Leveraging co-attention-based interactions between pathology and radiology for pan-cancer survival prediction.
Authors
Affiliations (5)
Affiliations (5)
- Department of Bioinformatics and Biostatistics, School of Life Sciences and Biotechnology, Shanghai Jiao Tong University, Shanghai, China; SJTU-Yale Joint Center for Biostatistics and Data Science, School of Life Sciences and Biotechnology, Shanghai Jiao Tong University, Shanghai, China.
- Department of Statistics, School of Mathematical Sciences, Shanghai Jiao Tong University, Shanghai, China; SJTU-Yale Joint Center for Biostatistics and Data Science, School of Life Sciences and Biotechnology, Shanghai Jiao Tong University, Shanghai, China.
- Clinical Research Institute, Shanghai Jiao Tong University School of Medicine, Shanghai, China.
- Department of Urology, Renji Hospital, Shanghai Jiao Tong University School of Medicine, Shanghai, China.
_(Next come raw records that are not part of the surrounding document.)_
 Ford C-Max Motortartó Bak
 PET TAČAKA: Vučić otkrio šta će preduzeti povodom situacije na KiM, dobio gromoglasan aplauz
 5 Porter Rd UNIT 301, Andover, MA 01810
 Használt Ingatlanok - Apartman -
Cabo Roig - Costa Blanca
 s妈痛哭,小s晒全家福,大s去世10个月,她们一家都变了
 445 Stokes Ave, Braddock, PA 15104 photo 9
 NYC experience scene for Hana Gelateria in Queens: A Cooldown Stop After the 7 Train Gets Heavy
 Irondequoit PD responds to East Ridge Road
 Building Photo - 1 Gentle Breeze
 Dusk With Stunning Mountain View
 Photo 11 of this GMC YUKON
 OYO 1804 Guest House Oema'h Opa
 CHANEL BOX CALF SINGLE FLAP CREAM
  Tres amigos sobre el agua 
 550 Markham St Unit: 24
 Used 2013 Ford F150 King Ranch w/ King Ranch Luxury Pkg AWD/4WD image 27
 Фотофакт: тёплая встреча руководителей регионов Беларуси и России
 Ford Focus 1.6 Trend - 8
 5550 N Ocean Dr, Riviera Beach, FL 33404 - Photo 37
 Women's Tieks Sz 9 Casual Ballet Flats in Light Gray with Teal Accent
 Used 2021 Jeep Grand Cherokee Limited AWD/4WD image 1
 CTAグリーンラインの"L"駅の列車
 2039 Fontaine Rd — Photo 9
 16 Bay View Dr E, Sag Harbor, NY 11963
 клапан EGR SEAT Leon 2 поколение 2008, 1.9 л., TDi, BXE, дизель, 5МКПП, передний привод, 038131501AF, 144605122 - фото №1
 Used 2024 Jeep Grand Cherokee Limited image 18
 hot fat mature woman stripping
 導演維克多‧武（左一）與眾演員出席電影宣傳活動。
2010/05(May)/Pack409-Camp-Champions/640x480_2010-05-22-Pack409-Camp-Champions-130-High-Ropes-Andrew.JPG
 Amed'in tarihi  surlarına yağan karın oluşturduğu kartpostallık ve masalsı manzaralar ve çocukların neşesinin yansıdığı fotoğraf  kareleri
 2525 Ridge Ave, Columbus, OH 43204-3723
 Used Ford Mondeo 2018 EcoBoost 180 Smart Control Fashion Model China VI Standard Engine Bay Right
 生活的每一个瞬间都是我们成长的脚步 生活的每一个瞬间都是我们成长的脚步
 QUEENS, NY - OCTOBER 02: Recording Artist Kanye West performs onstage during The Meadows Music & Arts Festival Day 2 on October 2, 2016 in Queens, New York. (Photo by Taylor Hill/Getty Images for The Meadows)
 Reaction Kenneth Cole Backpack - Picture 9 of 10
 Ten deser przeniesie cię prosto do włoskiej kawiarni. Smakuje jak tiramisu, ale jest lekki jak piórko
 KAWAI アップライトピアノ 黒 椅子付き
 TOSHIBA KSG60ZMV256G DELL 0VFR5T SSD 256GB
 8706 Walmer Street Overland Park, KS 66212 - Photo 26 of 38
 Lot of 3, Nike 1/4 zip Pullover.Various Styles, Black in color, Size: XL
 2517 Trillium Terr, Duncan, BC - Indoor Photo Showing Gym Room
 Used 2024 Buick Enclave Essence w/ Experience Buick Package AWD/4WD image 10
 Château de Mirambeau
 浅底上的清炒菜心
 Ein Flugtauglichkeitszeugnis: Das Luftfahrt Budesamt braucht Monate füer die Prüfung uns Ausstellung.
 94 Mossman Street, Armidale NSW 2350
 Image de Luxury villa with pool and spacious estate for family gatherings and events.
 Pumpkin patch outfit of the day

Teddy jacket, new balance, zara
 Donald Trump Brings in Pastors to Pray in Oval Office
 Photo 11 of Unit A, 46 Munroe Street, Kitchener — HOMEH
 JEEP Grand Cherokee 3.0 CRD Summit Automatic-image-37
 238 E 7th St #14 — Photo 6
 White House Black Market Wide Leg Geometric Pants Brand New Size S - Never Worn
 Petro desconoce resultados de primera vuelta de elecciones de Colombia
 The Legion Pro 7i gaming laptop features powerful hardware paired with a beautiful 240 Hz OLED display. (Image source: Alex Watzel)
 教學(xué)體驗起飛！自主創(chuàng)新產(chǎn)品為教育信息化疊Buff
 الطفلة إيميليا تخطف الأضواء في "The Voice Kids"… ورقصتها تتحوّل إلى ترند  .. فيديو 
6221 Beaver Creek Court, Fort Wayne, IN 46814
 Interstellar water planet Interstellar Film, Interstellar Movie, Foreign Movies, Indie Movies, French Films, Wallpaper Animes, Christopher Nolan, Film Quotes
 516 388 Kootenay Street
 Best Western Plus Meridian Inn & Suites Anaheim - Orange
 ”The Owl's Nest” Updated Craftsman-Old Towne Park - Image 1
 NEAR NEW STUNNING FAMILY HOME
- Department of Bioinformatics and Biostatistics, School of Life Sciences and Biotechnology, Shanghai Jiao Tong University, Shanghai, China; Department of Statistics, School of Mathematical Sciences, Shanghai Jiao Tong University, Shanghai, China; SJTU-Yale Joint Center for Biostatistics and Data Science, School of Life Sciences and Biotechnology, Shanghai Jiao Tong University, Shanghai, China; Clinical Research Institute, Shanghai Jiao Tong University School of Medicine, Shanghai, China. Electronic address: [email protected].
Abstract
Integrating macroscopic radiology with microscopic pathology can provide a multiscale view of tumors, thereby advancing oncology research. However, utilizing the interplay between the two for survival analysis, particularly across diverse cancer types, remains underexplored. This study utilized PaRa-MIL, a co-attention-based early-fusion framework, to enhance survival prediction and excavate pan-cancer pathological-radiological interaction across seven cancer types. Pathological-radiological interactions are exploited across seven cancer types using 1436 patients. Multi-faceted features were extracted from both pathological and radiological images and packed into omics bags. Then, PaRa-MIL, with a co-attention module to characterize pathomics-radiomics relationships, fuses the multi-modal features for oncological prognostic prediction. Cancer-specific model training validates the advantage of the PaRa-MIL architecture. Next, inspired by foundational models that integrate heterogeneous data in the pretraining stage to assist in downstream few-shot fine-tuning, we jointly trained the pathological and radiological features from different cancer types to uncover the potential cross-cancer pathomics-radiomics interaction patterns and then to assist small-sample survival modeling. PaRa-MIL outperforms all comparative deep learning-based methods as well as conventional staging systems on prognostic prediction performances. Besides, compared to the train-from-scratch approach, leveraging the learned cross-cancer pathological-radiological interactions yields an average improvement of nearly 5% in the c-index for survival prediction under small-sample scenarios. Furthermore, specific forms of the cross-cancer pathological-radiological synergies are uncovered through gradient-based analysis. This study can deepen the understanding of radiology and pathology and their interactions in oncology, thereby facilitating deeper insights into cancer imaging phenotypes and pathobiological traits, and contribute to more accurate prognostic predictions.